Risque de démantèlement du groupe Financière Turenne Lafayette?
L'annonce est un coup de tonnerre pour les salariés du groupe, disséminés sur 21 sites industriels en France et l'Etat a rapidement annoncé qu'il allait tout faire pour éviter le démantèlement du groupe, qui prévoyait un chiffre d'affaires de 900 millions d'euros en 2016.
La justice a été "saisie du dossier pour mener les investigations nécessaires et déterminer les responsabilités et les causes de ces pratiques", a annoncé Bercy.
L'Etat prendra "ses responsabilités pour accompagner la nouvelle direction et les salariés" face à cette situation, "qui représente un risque pour la pérennité du groupe et afin de s'assurer de pouvoir préserver les 3.000 emplois directs et les 1.500 emplois intérimaires et prestataires".
"Des réunions avec les clients, les fournisseurs et les banques seront organisées à brève échéance. Une rencontre avec les organisations syndicales sera également
organisée dans les prochains jours", ajoute-t-il.
Pour sa part, la direction indique qu'elle se mobilise "pour rechercher les voies et moyens d'assurer la poursuite des activités et conserver les emplois des entreprises
du groupe", selon son communiqué.
"Plusieurs pistes sont envisagées, parmi lesquelles la recherche de nouveaux moyens de financement, y compris au travers de l'ouverture du capital", assure le groupe.
Au moment du décès de Mme Piffaut, un porte-parole du groupe avait déclaré à l'AFP : "Il n'y a pas de risque de démantèlement du groupe car la propriétaire, très attachée
aux entreprises, avait exprimé sa volonté."
Malgré ces assurances, le syndicat Fnaf-CGT avait dit craindre un démantèlement. "L'intégrité du groupe doit être sauvegardée", avait-il réclamé en avertissant que "le dépeçage par les vautours de la profession serait inacceptable et signifierait de nouvelles purges" pour les salariés.

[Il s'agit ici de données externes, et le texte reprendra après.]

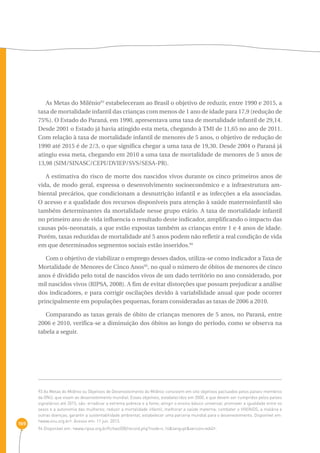 169 
As Metas do Milênio93 estabeleceram ao Brasil o objetivo de reduzir, entre 1990 e 2015, a 
taxa de mortalidade infantil das crianças com menos de 1 ano de idade para 17,9 (redução de 
75%). O Estado do Paraná, em 1990, apresentava uma taxa de mortalidade infantil de 29,14. 
Desde 2001 o Estado já havia atingido esta meta, chegando à TMI de 11,65 no ano de 2011. 
Com relação à taxa de mortalidade infantil de menores de 5 anos, o objetivo de redução de 
1990 até 2015 é de 2/3, o que significa chegar a uma taxa de 19,30. Desde 2004 o Paraná já 
atingiu essa meta, chegando em 2010 a uma taxa de mortalidade de menores de 5 anos de 
13,98 (SIM/SINASC/CEPI/DVIEP/SVS/SESA-PR). 
A estimativa do risco de morte dos nascidos vivos durante os cinco primeiros anos de 
vida, de modo geral, expressa o desenvolvimento socioeconômico e a infraestrutura am-biental 
precários, que condicionam a desnutrição infantil e as infecções a ela associadas. 
O acesso e a qualidade dos recursos disponíveis para atenção à saúde maternoinfantil são 
também determinantes da mortalidade nesse grupo etário. A taxa de mortalidade infantil 
no primeiro ano de vida influencia o resultado deste indicador, amplificando o impacto das 
causas pós-neonatais, a que estão expostas também as crianças entre 1 e 4 anos de idade. 
Porém, taxas reduzidas de mortalidade até 5 anos podem não refletir a real condição de vida 
em que determinados segmentos sociais estão inseridos.94 
Com o objetivo de viabilizar o emprego desses dados, utiliza-se como indicador a Taxa de 
Mortalidade de Menores de Cinco Anos95, no qual o número de óbitos de menores de cinco 
anos é dividido pelo total de nascidos vivos de um dado território no ano considerado, por 
mil nascidos vivos (RIPSA, 2008). A fim de evitar distorções que possam prejudicar a análise 
dos indicadores, e para corrigir oscilações devido à variabilidade anual que pode ocorrer 
principalmente em populações pequenas, foram consideradas as taxas de 2006 a 2010. 
Comparando as taxas gerais de óbito de crianças menores de 5 anos, no Paraná, entre 
2006 e 2010, verifica-se a diminuição dos óbitos ao longo do período, como se observa na 
tabela a seguir. 
93 As Metas do Milênio ou Objetivos de Desenvolvimento do Milênio consistem em oito objetivos pactuados pelos países-membros 
da ONU, que visam ao desenvolvimento mundial. Esses objetivos, estabelecidos em 2000, e que devem ser cumpridos pelos países 
signatários até 2015, são: erradicar a extrema pobreza e a fome; atingir o ensino básico universal; promover a igualdade entre os 
sexos e a autonomia das mulheres; reduzir a mortalidade infantil; melhorar a saúde materna; combater o HIV/AIDS, a malária e 
outras doenças; garantir a sustentabilidade ambiental; estabelecer uma parceria mundial para o desenvolvimento. Disponível em: 
‹www.onu.org.br›. Acesso em: 11 jun. 2013. 
94 Disponível em: ‹www.ripsa.org.br/fichasIDB/record.php?node=c.16&lang=pt&version=ed4)›.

De son côté, la défunte propriétaire a légué sa fortune à une fondation pour l'enfance "en cours de constitution", a indiqué une source proche du dossier.
En 2013, sa fortune personnelle avait été estimée à 380 millions d'euros selon le magazine Challenges, occupant ainsi le 135e rang.
Le groupe agroalimentaire s'est constitué à partir de 1991 avec le rachat de l'entreprise "les délices du palais" dans le Périgord, puis par croissance externe dans le secteur
des salaisons, foie gras et plats cuisinés en régions, devenant un acteur important de ce secteur de l'agroalimentaire.
Se sont ensuite jointes les charcuteries, dont beaucoup sont vendues sous marque de distributeurs dans la grande distribution. William Saurin a été racheté en 2001, et Madrange en 2011.
Un des derniers rachats, en 2015, portait sur deux sites bretons de charcuterie cuite de Jean Caby.